The Militant(logo) 
    Vol.63/No.2           January 18, 1999 
 
 
Oppose Clinton Impeachment  
Working people should oppose the attempt by rightist politicians to unseat William Jefferson Clinton with their demagogic cries of moral turpitude and the use of one of the most undemocratic parts of the U.S. constitution.

Before Clinton entered the White House he was groomed by the liberal wing of the ruling class to carry out a bipartisan shift to the right on domestic policy. He became and has remained president as the death-penalty man. The "end-welfare- as-we-know-it" man. The man who signed the Defense of Marriage Act, which bans same-sex marriages, a flagrant intrusion by the state into people's private lives. The man who has turned the hated la migra into an armed fortress of the government to push increasing numbers of immigrant workers into pariah status. Clinton is now leading, in the faithful traditions of modern liberalism, U.S. imperialism's march toward war.

But Clinton is not being attacked from the right for being a warmaker or for trampling on the rights working people have won in struggle. The impeachment offensive has the same aims as the "cultural war" that's the stock-in-trade of incipient fascist politicians like Patrick Buchanan: to drag the working class into the pit of the politics of resentment and economic nationalism along with the declining capitalist class. That's exactly what the Nazis pushed in the 1920s and early 1930s, as they decried the "filth" of the Weimar Republic.
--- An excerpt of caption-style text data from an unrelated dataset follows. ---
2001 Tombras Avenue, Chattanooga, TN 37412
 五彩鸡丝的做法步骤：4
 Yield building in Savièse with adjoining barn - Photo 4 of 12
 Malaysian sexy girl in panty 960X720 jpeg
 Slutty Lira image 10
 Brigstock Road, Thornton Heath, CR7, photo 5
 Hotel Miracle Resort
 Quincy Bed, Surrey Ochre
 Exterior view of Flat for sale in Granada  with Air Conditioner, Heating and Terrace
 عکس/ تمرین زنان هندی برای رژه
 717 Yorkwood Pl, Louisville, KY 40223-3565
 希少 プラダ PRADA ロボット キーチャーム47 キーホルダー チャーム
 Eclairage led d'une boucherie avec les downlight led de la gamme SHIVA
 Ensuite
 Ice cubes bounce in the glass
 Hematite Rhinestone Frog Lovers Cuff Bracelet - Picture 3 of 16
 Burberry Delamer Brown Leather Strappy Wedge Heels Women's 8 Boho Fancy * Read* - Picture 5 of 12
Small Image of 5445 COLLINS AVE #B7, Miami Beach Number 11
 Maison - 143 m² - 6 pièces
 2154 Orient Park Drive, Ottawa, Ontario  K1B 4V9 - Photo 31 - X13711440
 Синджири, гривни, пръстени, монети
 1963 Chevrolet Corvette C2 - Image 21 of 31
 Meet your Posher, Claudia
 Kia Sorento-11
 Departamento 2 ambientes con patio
As this salacious saga unfolds, bourgeois politicians of all stripes attempt to sow confusion among working people about the alleged virtues of "representative democracy," that is, imperialist democracy. Buchanan's January 5 column, for example, arguing for a trial and ousting of Clinton was titled "The Constitution cannot be circumvented."

The complicated system of "checks and balances," of which impeachment is one device, was crafted into the U.S. Constitution not to guarantee majority rule, but precisely to prevent it. The entire constitution was based on the twin principles of protection of private property and rule by the wealthy minority. The impeachment provision was included for mediating and resolving competing interests among the rulers. The "Founding Fathers" gave the population no vote on whether to remove a president from office before the end of four years, jealously reserving such a powerful weapon for themselves.

When the AFL-CIO tops, liberal civil rights groups, or organizations such as the Communist Party USA support Clinton politically, or at least as a "lesser evil," while opposing impeachment, they not only support the system that is the source of the long-term rightward movement in bourgeois politics in the U.S., they are helping the right wing win influence. Giving any political credence to the liberal warmakers allows the right wing to be the predominant pressure on the Democratic administration and gives unnecessary victories to the rightists.

The only way to fight Buchananism or Trent Lottism effectively is by opposing Clinton and liberalism uncompromisingly and building a working-class movement that can take the moral high ground and forge a proletarian party that can lead the toilers to take power out of the hands of the warmakers. The struggles by Black farmers against discrimination and for land and the numerous battles by trade unionists, such as the 98-day strike by coal miners who came out stronger through the fight against Freeman in Illinois, are producing a new working-class vanguard with the capacity to achieve this goal.